■ RECORDS ■

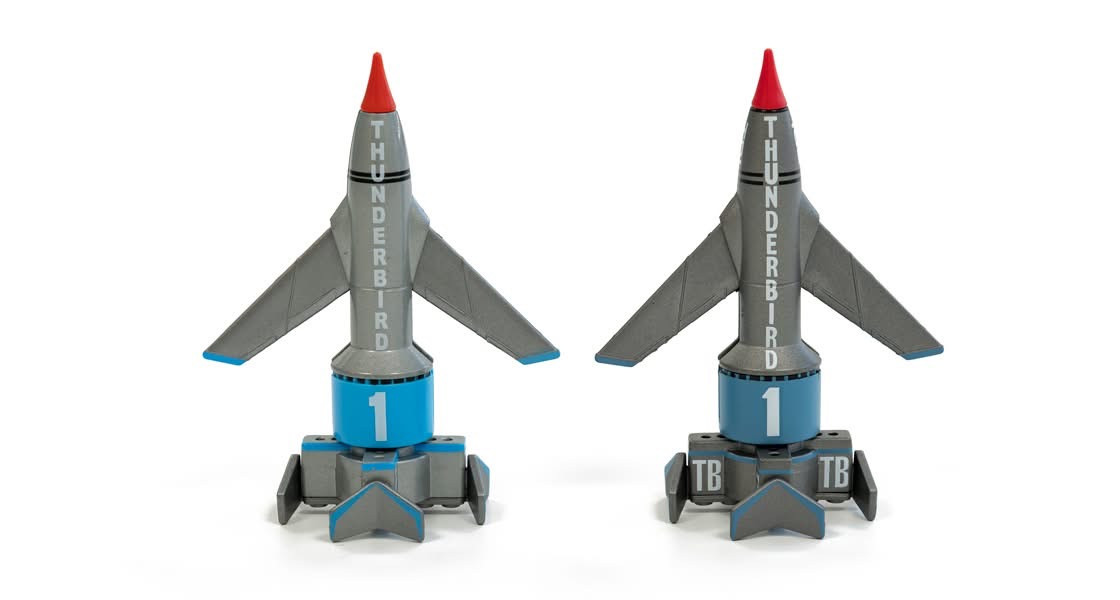 Corgi Thunderbirds™ - TB1 and TB3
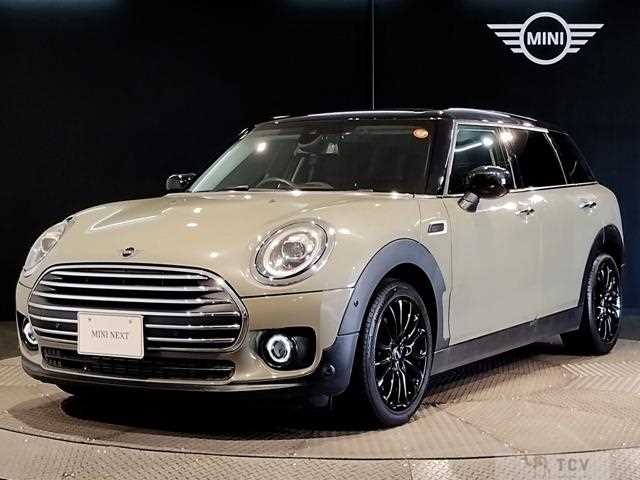2020 BMW MINI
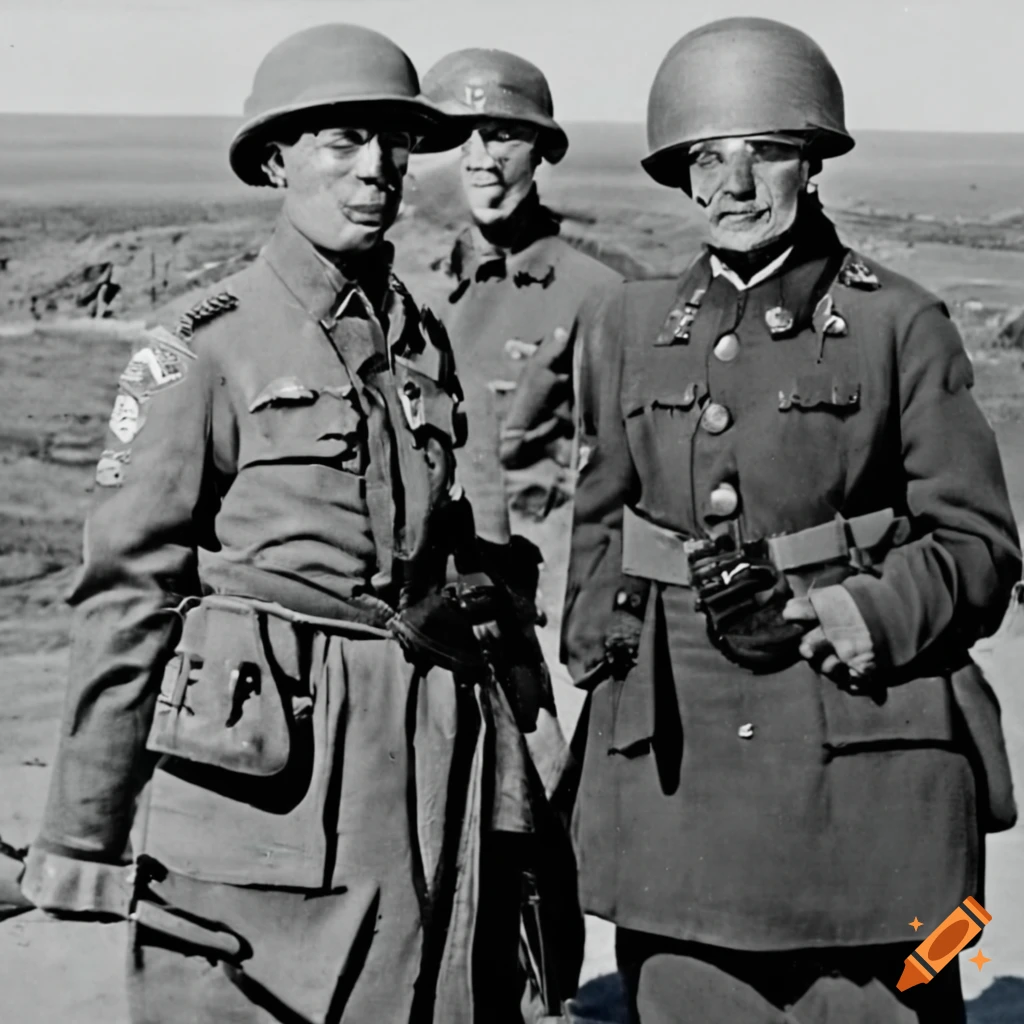 World War II tour in Wyoming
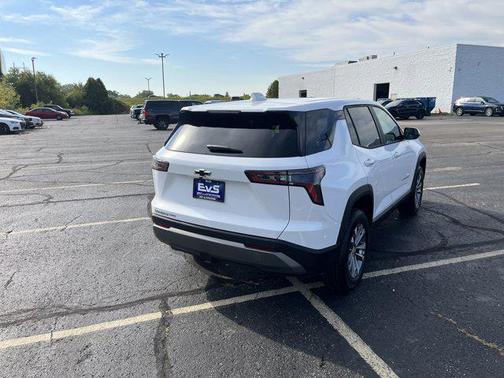 2026 Chevrolet Equinox 1LT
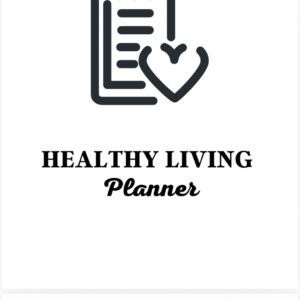 Healthy Living Planner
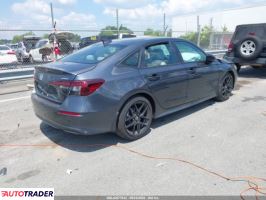 Honda Civic 2025 2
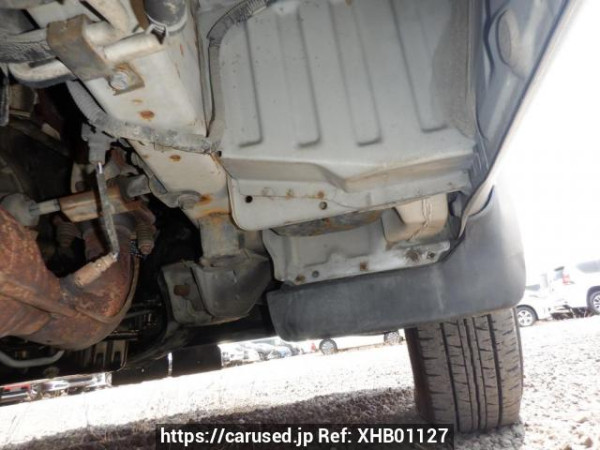 Used 2003 AT toyota hiace-van TRH112V Image[34]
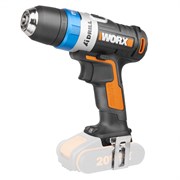Аккумуляторная дрель-шуруповерт WORX AiDrill WX178.9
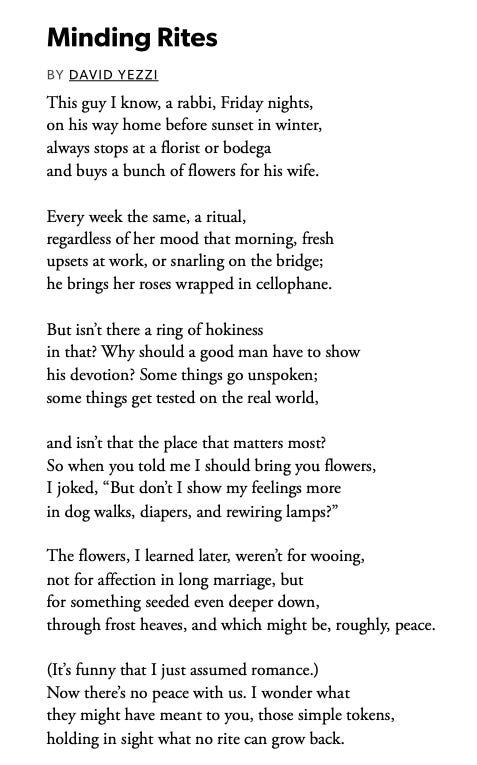 Weekend Poems Poems for Your Weekend - Maya C. Popa
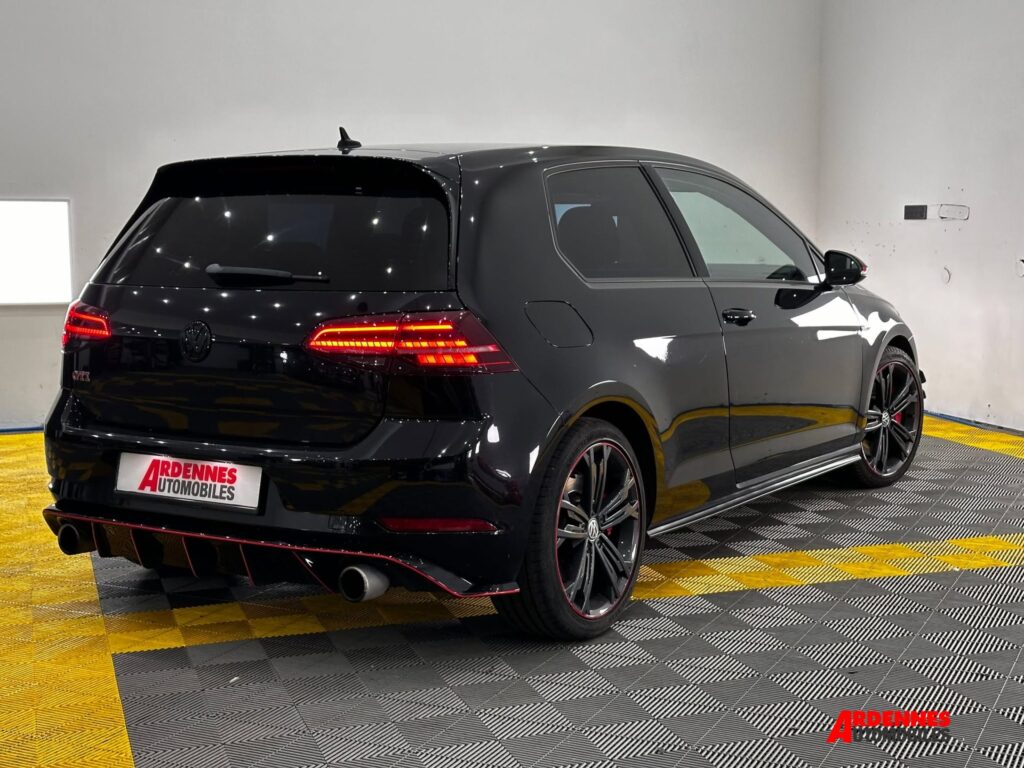 Volkswagen Golf 7 GTI Performance – Ardennes Automobiles, Ardennes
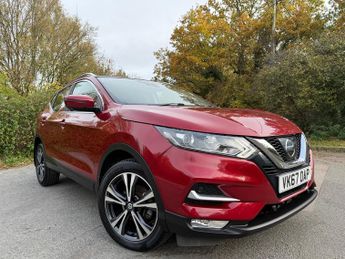 Nissan Qashqai 1.5 dCi N-Connecta SUV 5dr Diesel Manual Euro 6 (s/s) (110 ps)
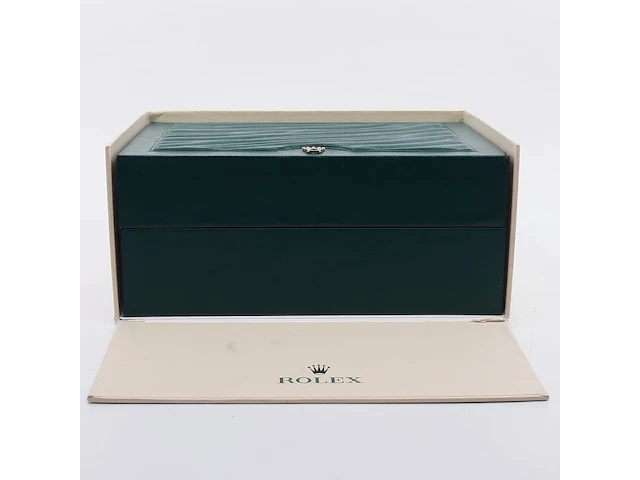Heren polshorloge, rolex, submariner 122610lv - afbeelding 30 van  37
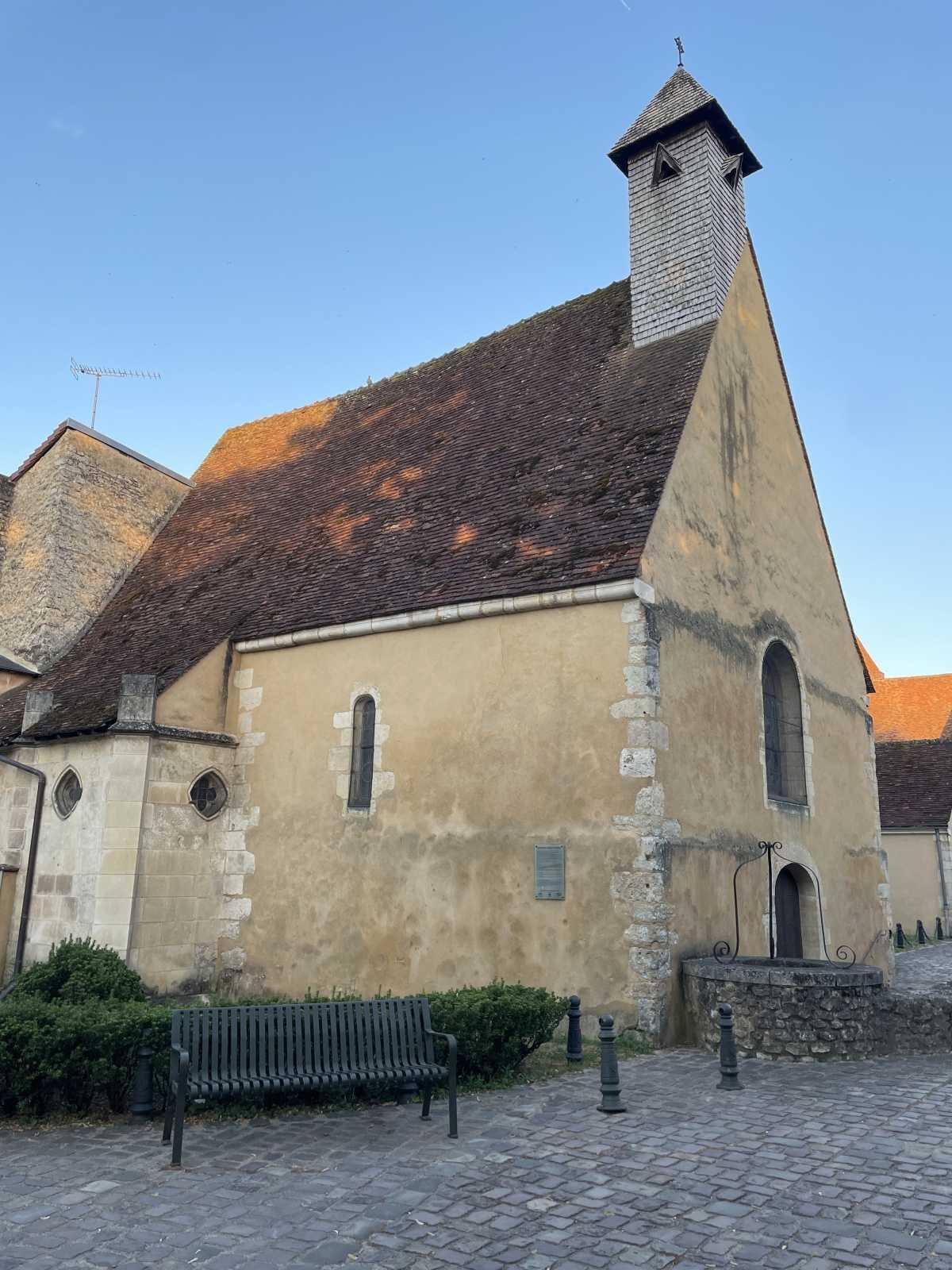 Chapelle Saint-Lyphard Chapelle Saint-Lyphard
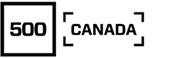 500 Canada logo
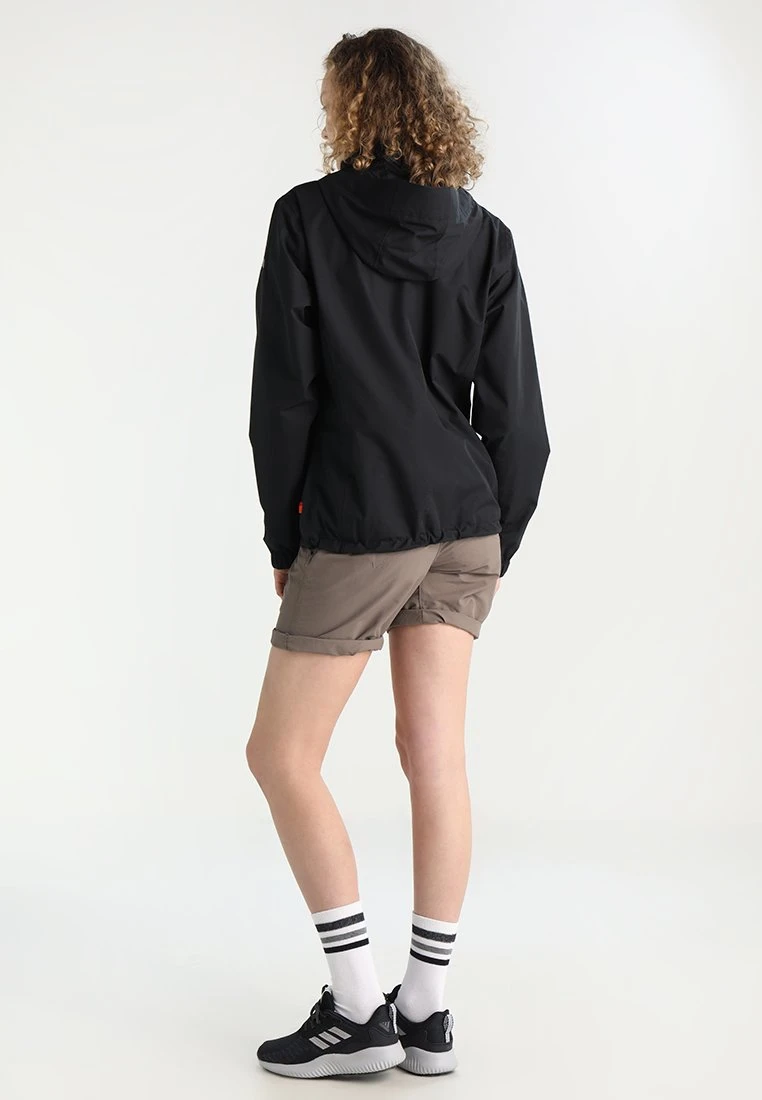 VAUDE Women Escape Light - Waterproof Jacket - Black 5 VAUDE Women Escape Light - Waterproof Jacket - Black - Image 3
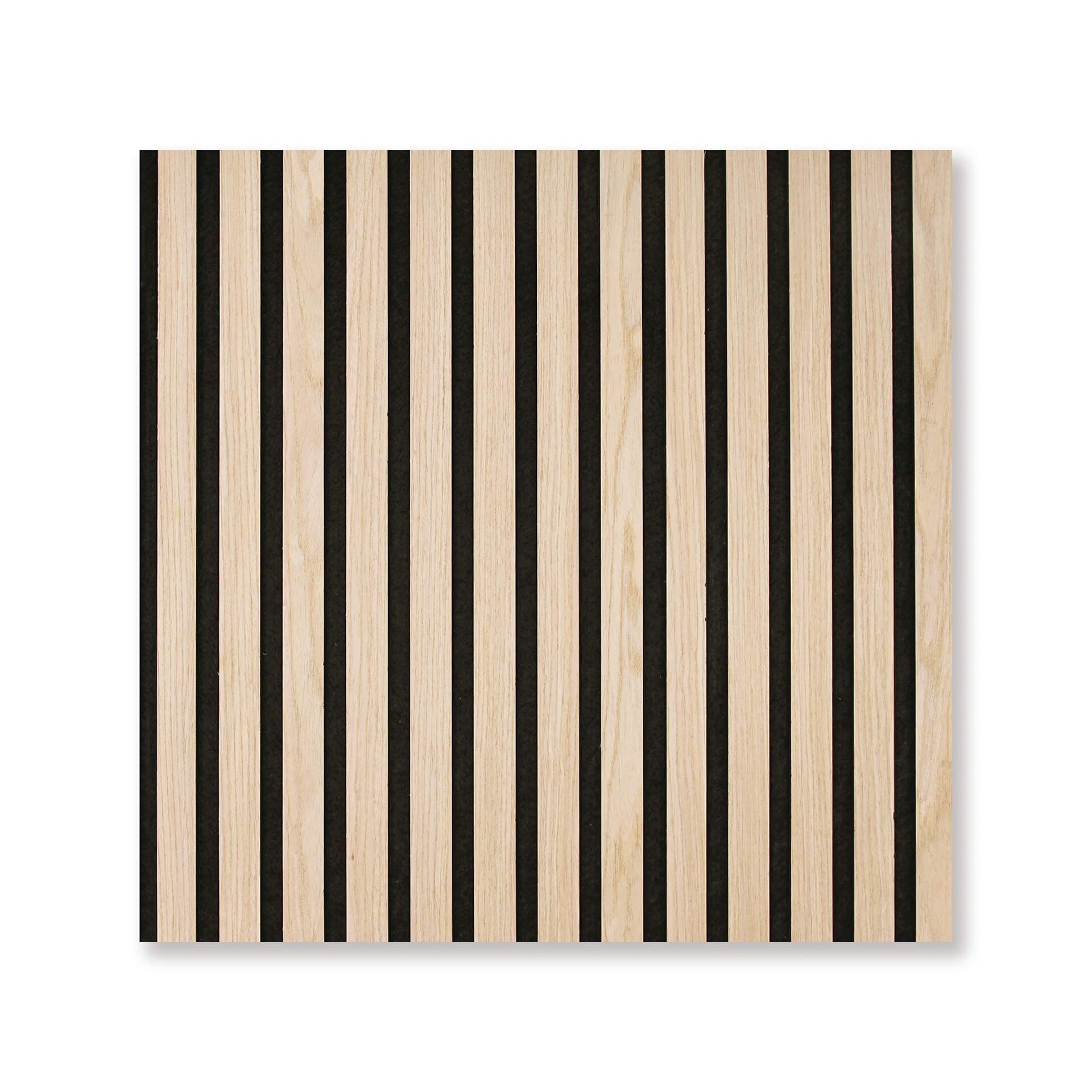 Panneau mural Panneau acoustique mural modulaire Jangal Placage - Chêne Letea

■ TASK ■
Beginning with the line above that contains "2020 BMW MINI" and ending with the line that contains "Nissan Qashqai 1.5", quote each line exactly, keeping out the pictures.

■ OUTPUT FOR THIS EXERCISE ■
2020 BMW MINI
 World War II tour in Wyoming
 2026 Chevrolet Equinox 1LT
 Healthy Living Planner
 Honda Civic 2025 2
 Used 2003 AT toyota hiace-van TRH112V Image[34]
Аккумуляторная дрель-шуруповерт WORX AiDrill WX178.9
 Weekend Poems Poems for Your Weekend - Maya C. Popa
 Volkswagen Golf 7 GTI Performance – Ardennes Automobiles, Ardennes
 Nissan Qashqai 1.5 dCi N-Connecta SUV 5dr Diesel Manual Euro 6 (s/s) (110 ps)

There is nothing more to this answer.